It must be clearly understood that a biosimilar, as opposed to a small chemical generic, cannot automatically claim all indications of the reference product and that any extrapolation of data requires sound scientific justification.34 For extrapolation of data to be considered, several requirements need to be fulfilled:

  1. Similarity with the reference product must be convincingly demonstrated, based on the totality of the evidence from a thorough comparability exercise. Clinicians need to be aware that clinical data are not the only cornerstone of a biosimilar development to be relied on. Extensive characterization and comparison of the physicochemical properties and biologic activity of the biosimilar and the originator product play a fundamental role in this, and close similarity in these aspects is a prerequisite for any reduction in the amount of nonclinical and clinical data requirements. Clinical data provide complementary information (eg, regarding the clinical relevance of any observed differences and on immunogenicity).

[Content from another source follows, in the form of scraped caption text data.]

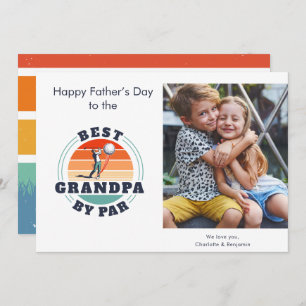 Fathers Day Kids Photo Retro Golf Dad Note Card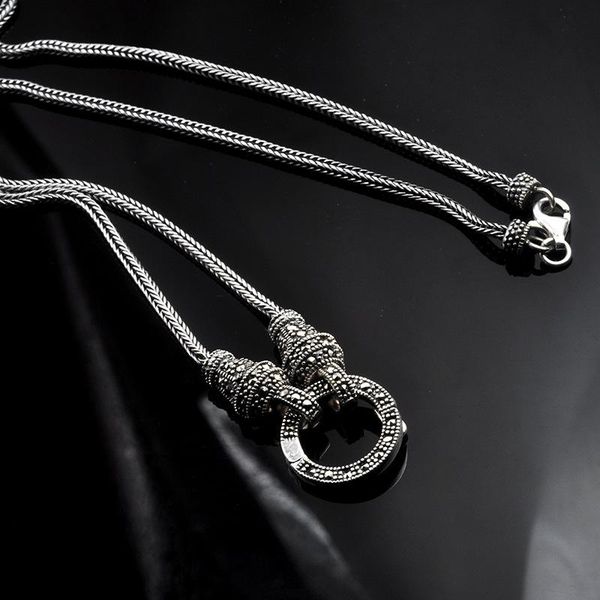 

necklaces s925 silver universal buckle foxtail necklace thai silver retro women's long section wild sweater chain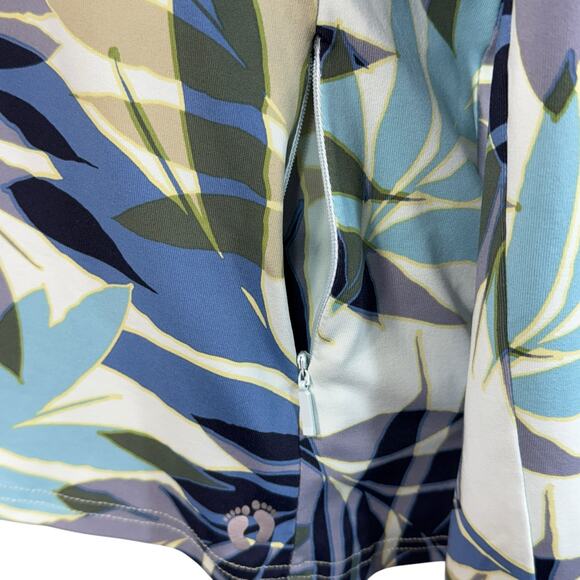 Hang Ten Medium Rashguard Swim Top UPF 50+ Quick-Dry Long Sleeve Leaf Print Crew - Picture 6 of 9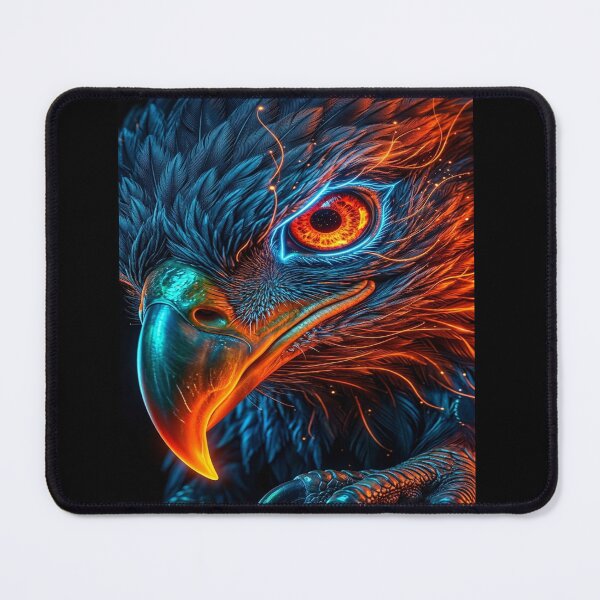 Item preview, Eagle Eye Neon Flame - Half Face Animal Artwork designed and sold by KingofHearts25.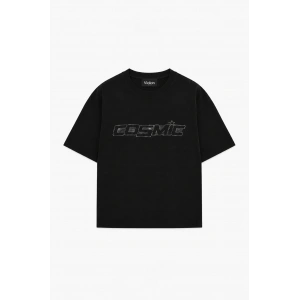 Unisex Cosmic Taş Baskılı Siyah Oversize Tshirt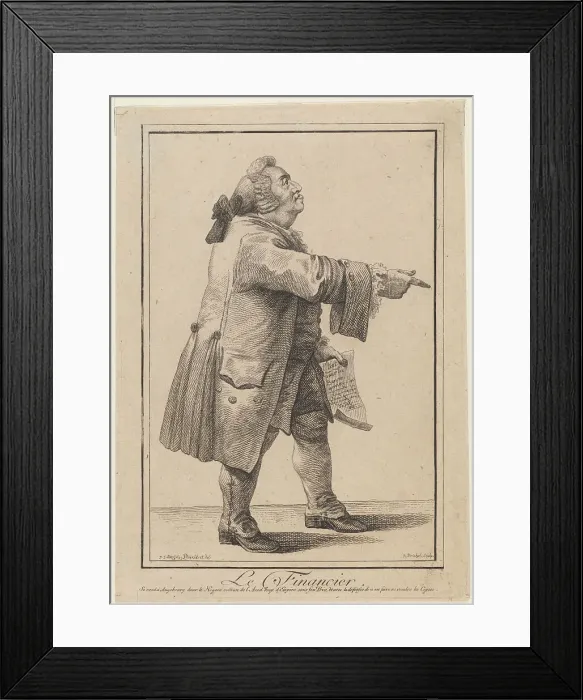 Framed Print : Le Financier (The Financier), 1784. Artist: Goez, Joseph Franz, von (1754-1815) Framed Print : Le Financier (The Financier), 1784. Artist: Goez, Joseph Franz, von (1754-1815)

  2. If clinical similarity can be shown in a key indication, extrapolation of efficacy and safety data to other indication(s) of the reference product may be possible (eg, if the relevant mechanism of action and/or the receptor(s) involved in the extrapolated indications are the same).3 If the mechanism of action is different or unknown, additional convincing data [eg, on pharmacodynamic parameters and/or specific and sensitive functional assays reflecting the respective pharmacologic action(s)] are necessary to provide further reassurance that the biosimilar will behave as the originator product in these indications. In this sense, comparative pharmacodynamic studies in healthy subjects are required for biosimilar G-CSF, evaluating, in addition to absolute neutrophil count, the CD34+ cell count to assess mobilization of stem cells from the bone marrow.3 Such data should not be considered in isolation but as a further building block in the overall proof of biosimilarity. Based on such considerations, extrapolation of efficacy and safety data to other indications of the reference product has been approved for biosimilar somatropin, epoetin, and filgrastim-containing medicinal products.1

  3. Another prerequisite for extrapolation is that the safety profile of the biosimilar must have been properly characterized and unacceptable immunogenicity excluded. Extrapolation of immunogenicity data is only possible from high-risk to low-risk patient populations and clinical settings. For example, pure red cell aplasia resulting from neutralizing anti-epoetin antibodies is a potential concern for subcutaneous use of epoetins in patients with renal anemia but less for intravenous administration or use in cancer patients receiving chemotherapy. Therefore, extrapolation of immunogenicity data is considered possible from subcutaneous use in renal anemia patients to intravenous use in the same population or to subcutaneous use in immunocompromised cancer patients but not vice versa. In this respect, the concern expressed in a recent review,35 that immunogenicity data collected for intravenous use of epoetin could be extrapolated to subcutaneous use, is not substantiated because the respective guideline3 clearly states that comparative immunogenicity data will always be required for subcutaneous use, if applied for.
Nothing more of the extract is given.